Added to the outline file, an outline fonts also features screen files, and hints. Screen files are the informations normaly used for screen restitution. The hints are indications on how to place the dots in order to obtain the best restitution at a specific definition (i.e. for a specific numbers of dots in the grid).
The First outline technology was using Postscript and gave birth to the type 1 fonts. This particular language is owned by Adobe system inc. and describe a page using Bezier curves (a system invented by the french mathematician Bézier). If you are using Adobe Illustrator, you have a fair idea of how it works, since it was originally uniquely a Postscript user-friendly programming software : each thing you are allowed to do when building a graphic object corresponds to a Postscript function. You can even read Postscript if you open an EPS (Encapsulated PostScript) file generated by Illustrator with a text editor (simple text, word or any other). It will consists in a text describing the graphism, featuring numbers (coordinates of points and tangents), and words (functions successively applied to build the graphism).

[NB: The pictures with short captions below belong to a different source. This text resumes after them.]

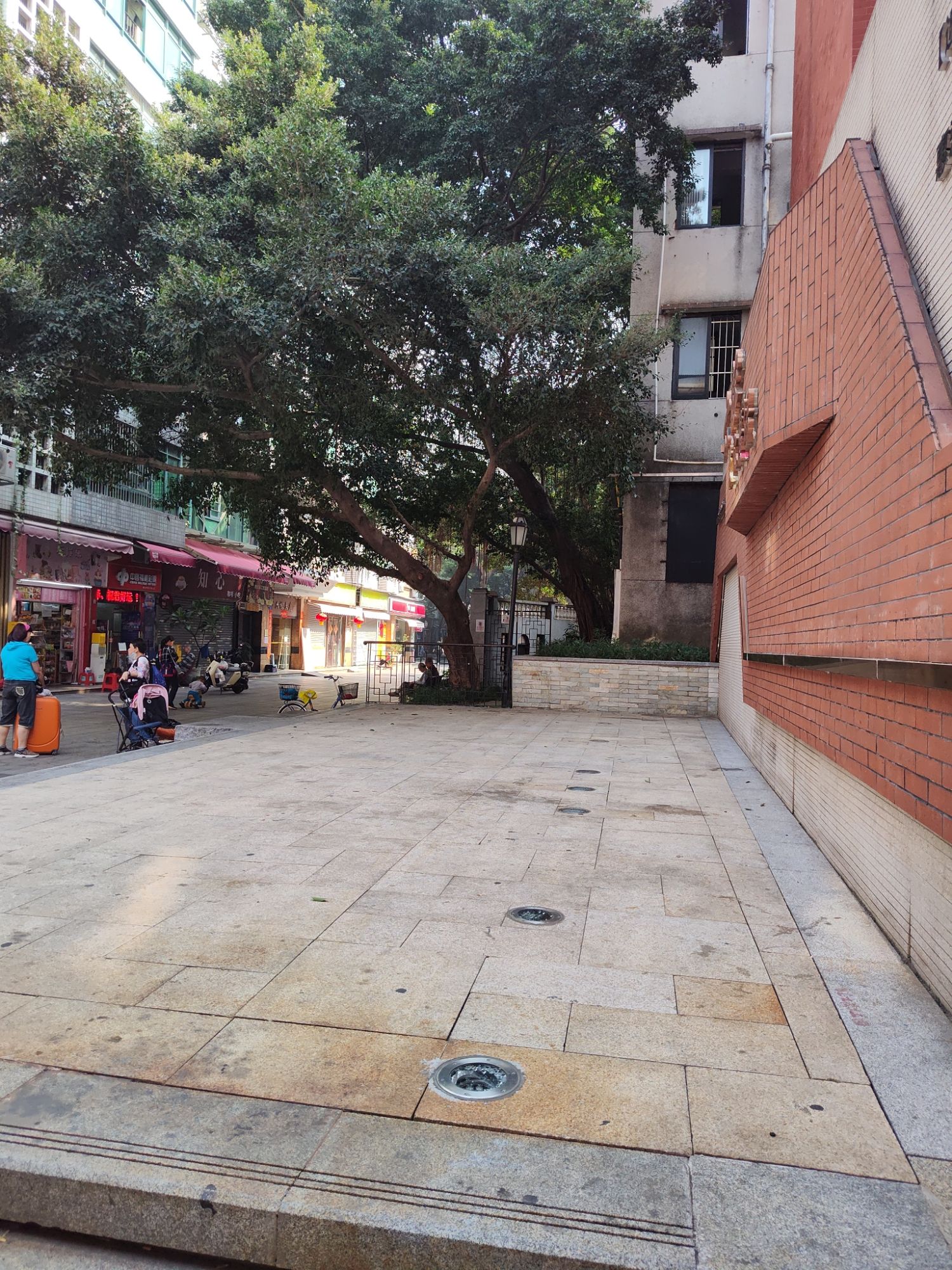 六榕街文化广场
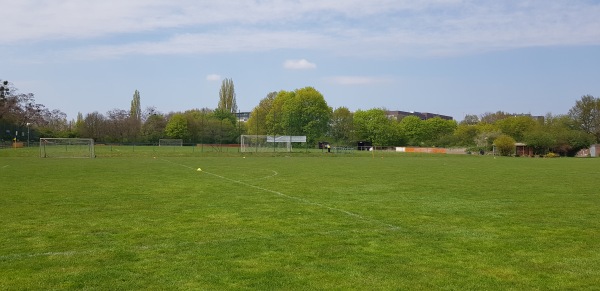 Sportanlage an der Kanalbrücke B-Platz - Hannover-Vahrenheide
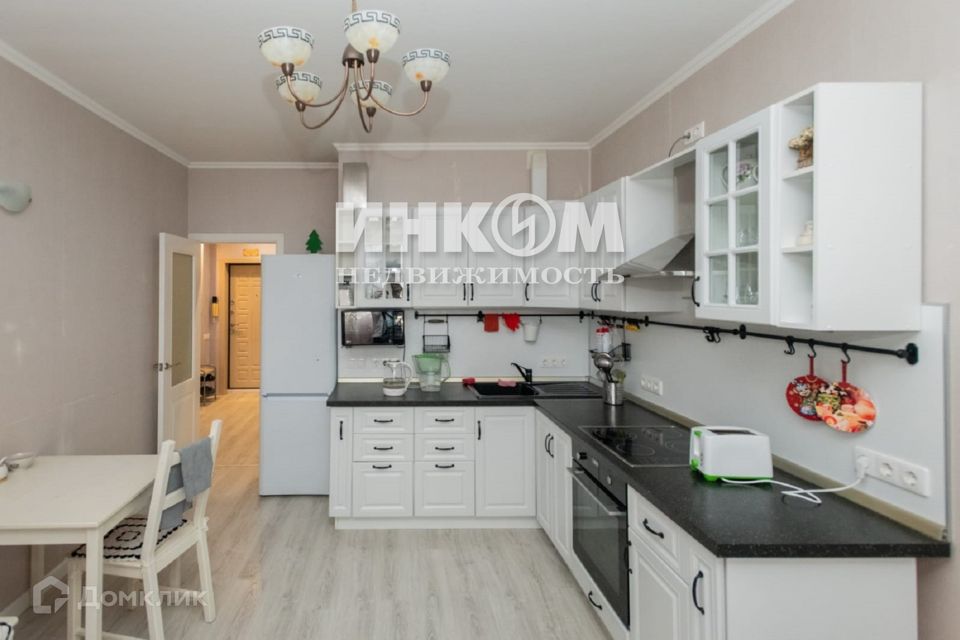 Продаётся 1-комнатная квартира, 60.5 м²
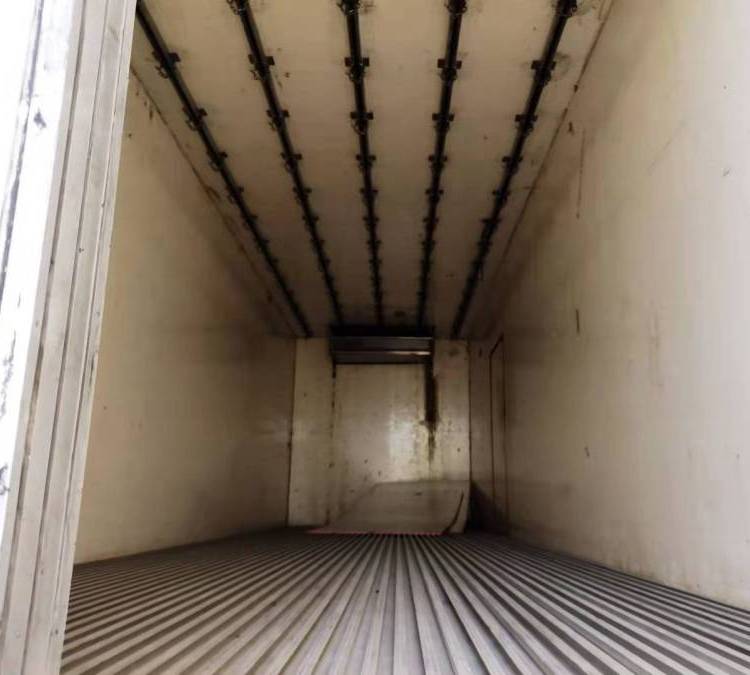 解放J6L前四后四8.6米冷藏车 240马力冷王T800独立冷机带肉钩图7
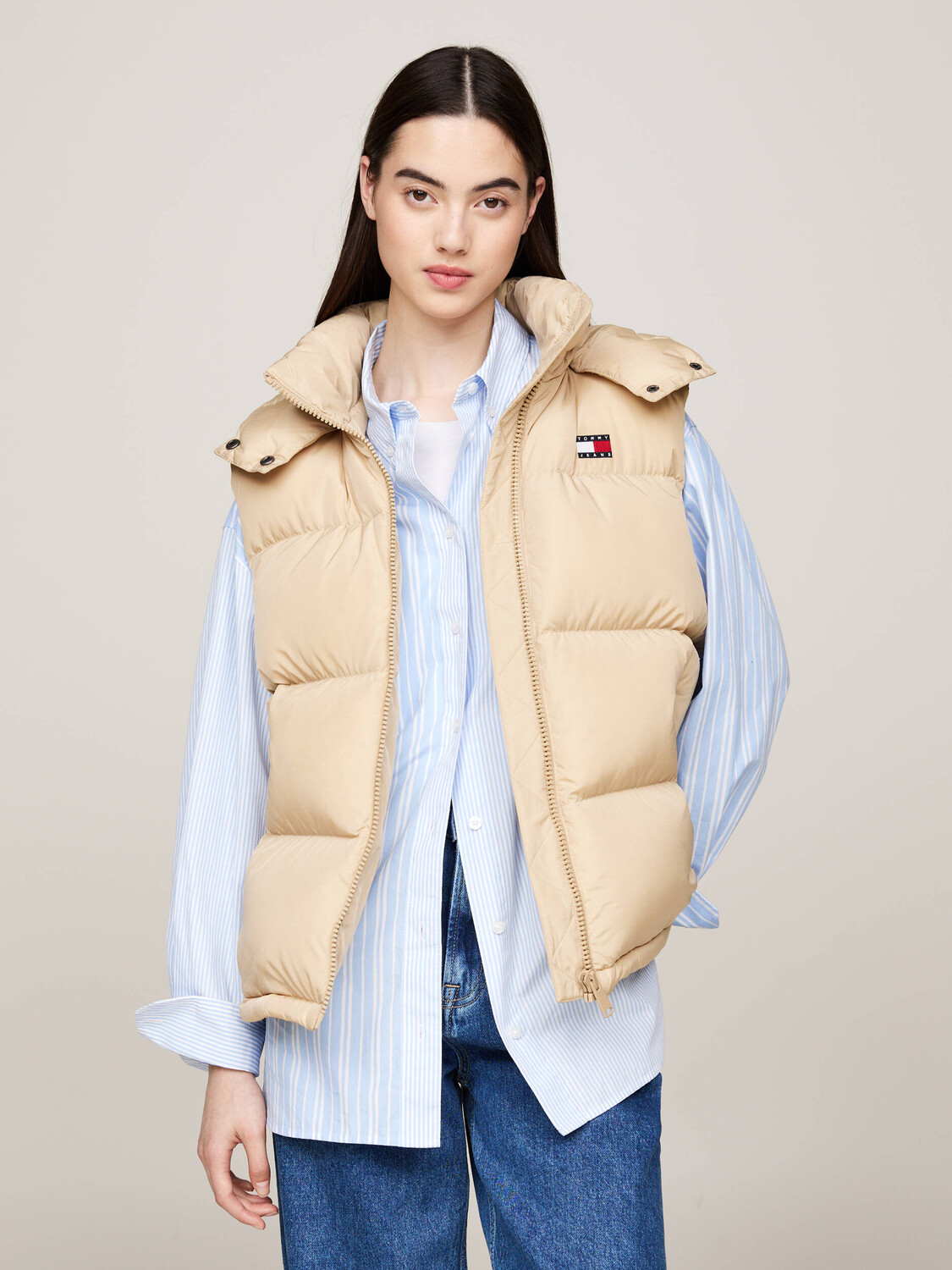 

Куртка Tommy Jeans Regular Fit, бежевый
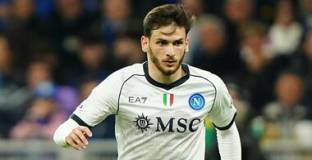 Кварацхелия може да подпише нов договор с Наполи 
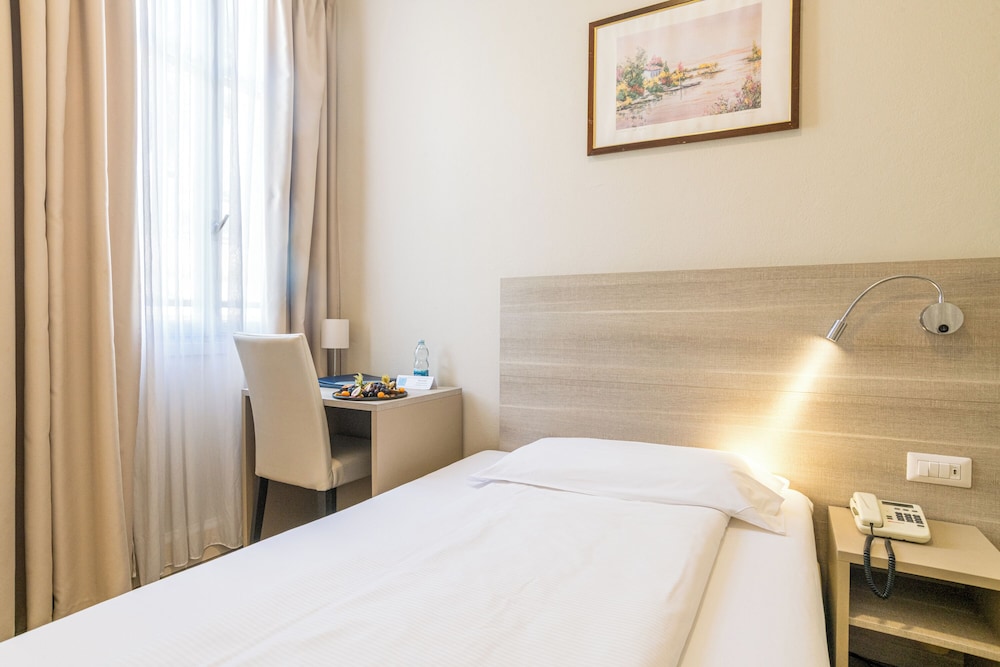 Hotel Bazzoni et du Lac — Hotel rooms in Tremezzo, Lombardy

IS THERE LIFE AFTER POSTSCRIPT?
Adobe also proposed to use this technology for screen restitution, and the Display Postscript system was adopted in 1988 by steve Jobbs's NeXT computer. Some attemps of third-party Postscript fonts were done, like Type 3 fonts, but did not questionned Adobe's supremacy.

The fact that the Postscript language is owned by someone else, added to the high cost of licençing it, probably explains why Apple did not adopted Display Postscript when Adobe proposed it the first time. Apple even developped an alternative graphic environnement named QuickDraw GX that gave birth to the True Types. True Types (originaly named Royal fonts) were developped with Microsoft in the early 1990s, in order to challenge the supremacy of Postscript fonts and Postscript technology.
Today the True type rendering engine is included in both Mac and Windows OSs. So the non-bitmap option seems to have win. But even if they don't need Bitmap Files, these outline fonts often features some (explanations at the True Type section), and so, bitmap Fonts are not, in a sense, really obsolete.

The latest developement in font technology, the Open Fonts, are a superset of Type 1 fonts and True types, and so are an outline format

Finally, since the joint-venture of NeXT and Apple in 1998, there's no news about the adoption of Display Postscript on Macintosh (one of the futuristic features of Steve Jobs' NeXT OS was the inclusion of Postscript Technology in the System). MacOS X with its dFont format doesn't seem to have gone further in that direction...

So Bitmaps are doomed at short or middle range terms, but still alive!